Позиция правительства США по поводу вступления СССР в войну против Японии менялась в зависимости от общей ситуации в мире. На следующий день после японской атаки на Пёрл-Харбор с просьбой к Сталину обратился президент Рузвельт. При этом больше всего американцев интересовала территория СССР для нанесения массированных бомбовых ударов по территории Японии. На это Сталин ответил: «Объявление состояния войны с Японией со стороны СССР ослабило бы сопротивление СССР гитлеровским войскам и пошло бы на пользу гитлеровской Германии. Мы думаем, что главным нашим врагом является всё же гитлеровская Германия»[100].
Во время встреч с западными «партнерами» Сталин демонстрировал им свою готовность участвовать в продолжении Второй мировой войны с Японией, но только после окончания Великой Отечественной войны с Германией. На одной из конференций глава СССР пригласил для просмотра кинофильма членов Политбюро, глав английской и американской делегаций, послов США и Англии. Смотрели «Волочаевские дни» – картину об освобождении Сибири и Приморья от японских интервентов.
«По ходу картины Сталин несколько раз обращался к госсекретарю США Хэллу, комментируя различные эпизоды и вспоминая о том периоде борьбы советского народа против японских оккупантов. После одного из эпизодов Хэлл, наклонившись к Сталину, взволнованно произнес:
– Теперь я вижу, маршал Сталин, что и у вас есть свой счет к японцам и вы, конечно, его им в свое время предъявите.

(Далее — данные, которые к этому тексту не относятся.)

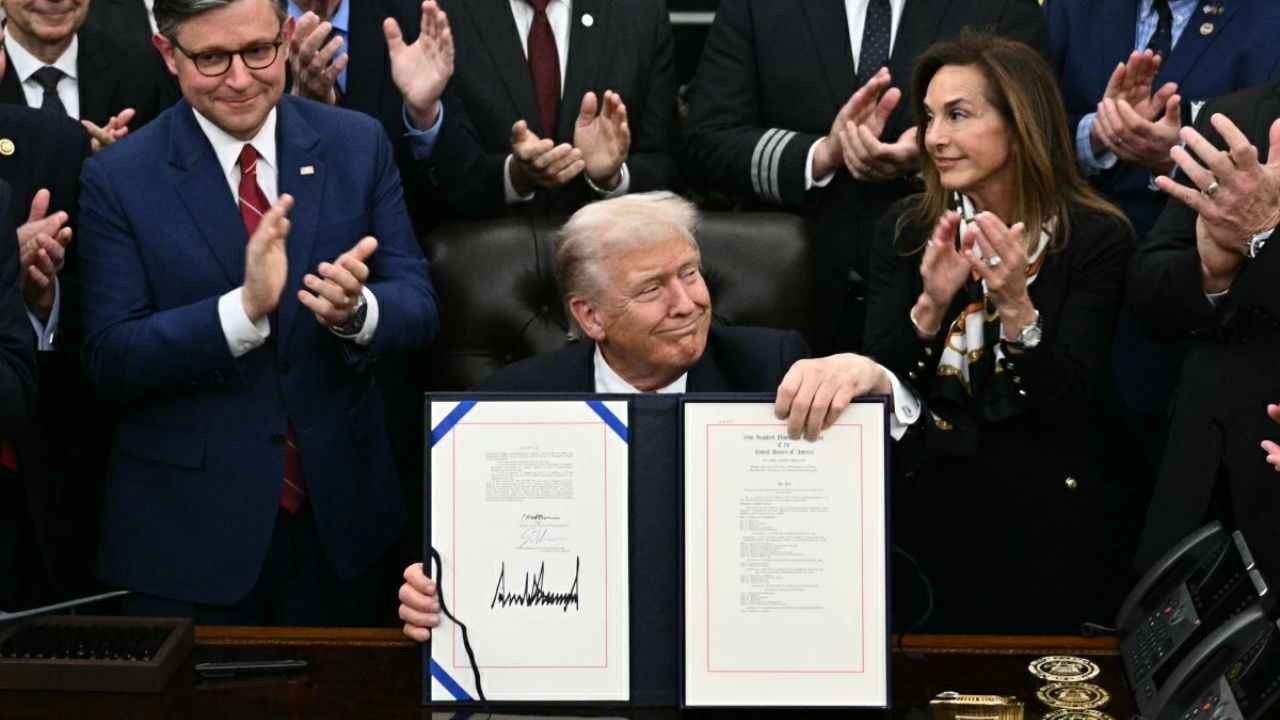 Trump Signs Bill Ending Record 43-Day Government Shutdown Amid Partisan Acrimony and Lingering Battles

Я вас хорошо понимаю и уверен в вашем успехе, – и он протянул Сталину свою худощавую старческую руку.
Сталин пожал ее и спокойно сказал:
– Вы правы, мы не забыли о том, что творили японские милитаристы на нашей земле…»[101]
«Союзники» старались не допустить выхода русских за свои границы на азиатском направлении, тем более, что рядом была Индия – наиболее уязвимая и ценная часть британской колониальной империи. Однако напрямую отказать Советскому Союзу в борьбе с Японией было невозможно. Американцы надеялись, что ядерный удар заставит Японию быстро капитулировать, а русские пока увязнут в борьбе с Квантунской армией. А когда настанет время подводить итоги, им не придется ничего отдавать Сталину, а в Китае останется у власти абсолютно прозападный режим Чан Кайши. Однако правительство Японии и не думало сдаваться: от населения применение американцами «бомбы» против Хиросимы просто скрыли и готовились дать последний бой на своей территории.